- **Exercise aim**
Would you retype exactly the lines below, starting with the one that has "Gaming asian young man with tablet © Roman" and going on through the one that has "Close-up of pink", with no pictures and nothing else?

─── Data listing

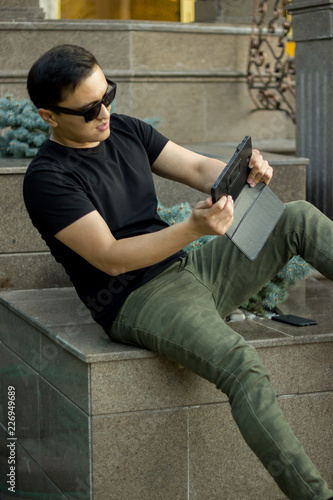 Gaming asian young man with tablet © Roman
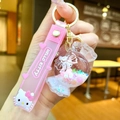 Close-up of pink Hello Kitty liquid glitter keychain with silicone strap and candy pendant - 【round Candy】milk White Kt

──────
─── Data listing

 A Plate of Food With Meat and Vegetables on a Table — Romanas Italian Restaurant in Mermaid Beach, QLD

──────

- **Written answer**
 Gaming asian young man with tablet © Roman
 Close-up of pink Hello Kitty liquid glitter keychain with silicone strap and candy pendant - 【round Candy】milk White Kt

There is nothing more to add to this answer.